Son tiempos de incertidumbre en los que hemos de hacer un esfuerzo en no mirarnos sólo a nosotros mismos y nuestros pesares.
Nadie supo lo que se avecinaba hasta que entramos de lleno en el problema del que nos va a costar salir. Día por día la vida va cambiando de una manera brusca que nos cuesta asimilar. Sea cual sea el estatus social en el que nos desenvolvemos, la perplejidad es grande. Las horas del día se han vuelto desaforadas. Estamos desorientados, saturados de información sin saber hasta qué punto es fidedigno todo lo que nos cuentan. Los que no hemos vivido ninguna guerra formada por ejércitos, lo hacemos ahora contra un enemigo invisible y mortal. Nos aferramos a soluciones pasadas porque las actuales no llegan. Ponemos nuestro pensamiento en épocas que fueron más prósperas, menos dañinas. El futuro asusta aún más que el presente. La esperanza parece que se nos ha escondido bajo la cama y no quiere salir por más que queramos convencerla.

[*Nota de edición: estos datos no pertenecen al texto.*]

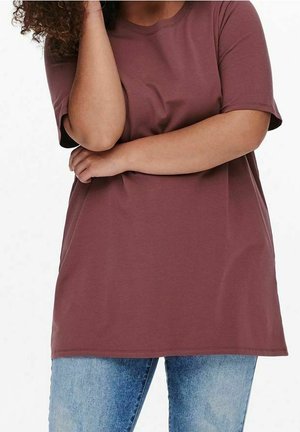 Frau mit lockigem Haar trägt ein lockeres dunkelrotes T-Shirt und hellblaue Jeans, mit einem Arm verschränkt und der anderen Hand am Kopf.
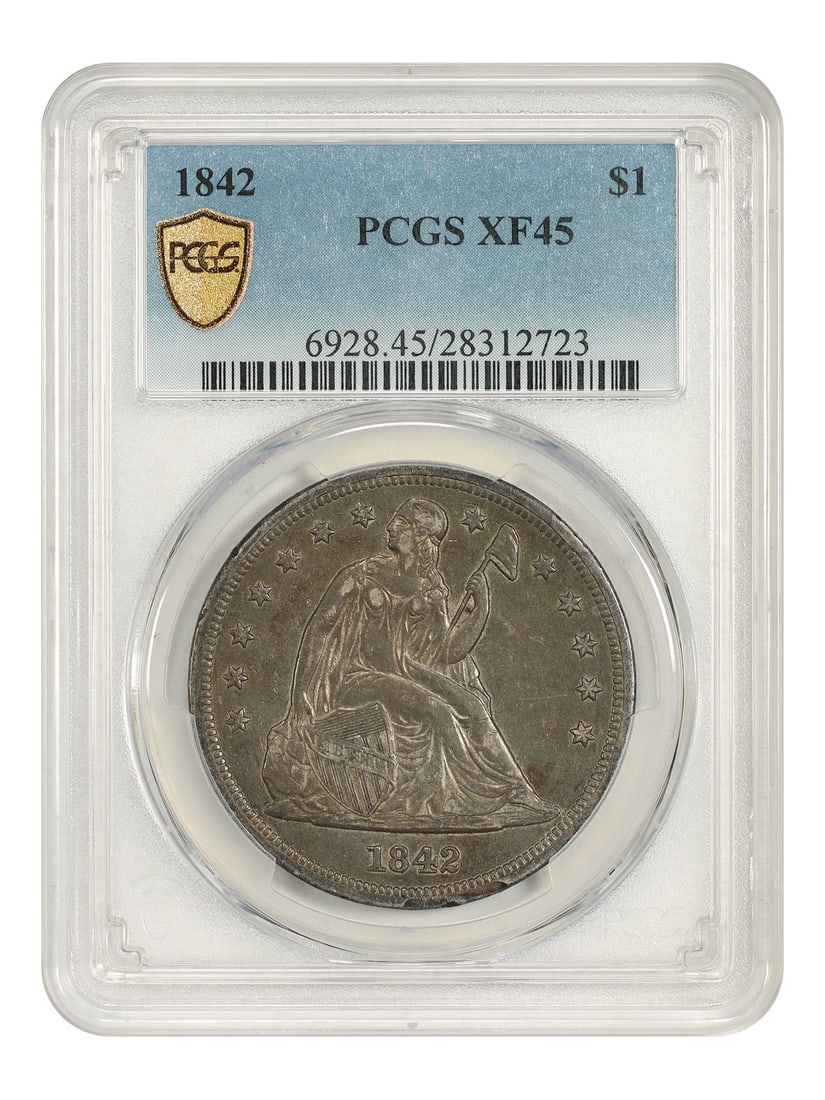 1842 Liberty Seated Silver Dollar PCGS XF45 Philadelphia Issue: 1842 Liberty Seated Silver Dollar PCGS XF45 Philadelphia Issue 1842 Liberty Seated Dollar certified by PCGS in XF45 condition. This circulated example is a low mintage date, with 184,618 coins struck.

Son tiempos de incertidumbre en los que hemos de hacer un esfuerzo en no mirarnos sólo a nosotros mismos y nuestros pesares. Vamos a mirarnos en los otros como en un espejo. Vamos a sacar a flote la empatía. Son muchas las personas que necesitan ayuda, las que necesitan que se les devuelva el respeto perdido. Son muchos los que piden a gritos recuperar su machacada dignidad. Necesitan que hagamos lo imposible por levantarles de nuevo el ánimo. Necesitan que les acompañemos con nuestra lucha por sus derechos. Necesitan que hagamos de padres y madres que los consuelen y conduzcan a un bienestar perdido con dudas de ser recuperado.

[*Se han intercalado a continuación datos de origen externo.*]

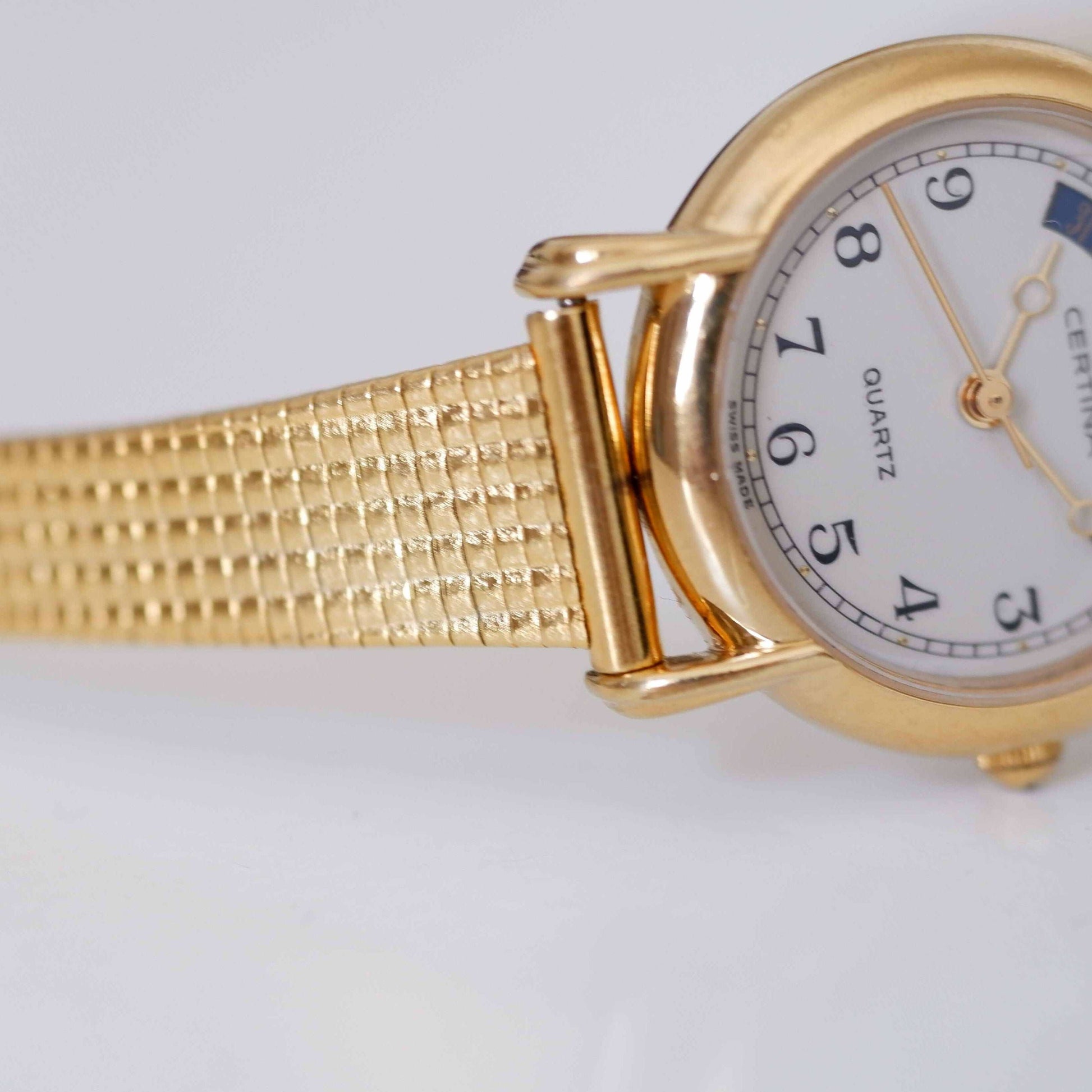Certina Vintage Ladies Watch: 90s Gold, Blue Date and Classic Numerals, Bracelet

Esta situación me lleva a varios versículos del capítulo cuatro del libro deuterocanónico Eclesiástico. En ellos, con toda sencillez se nos anima a ser responsables y estar junto a los más vulnerables, los que sufren igual que nosotros pero con otros males añadidos.
Hijo mío, no te burles de la vida del pobre, no deprimas al que sufre amargamente;
no le gruñas al necesitado ni te cierres al ánimo abatido;
no exasperes al que se siente abatido ni niegues limosna al que te la pide;
no rechaces al indigente que acude a ti ni apartes tu rostro del pobre,
haz caso del pobre y responde a su saludo con llaneza;
libra al oprimido del opresor y no te repugne hacer justicia.
Sé padre para los huérfanos y marido para las viudas, y serás como un hijo para el Altísimo, que te amará más que tu madre.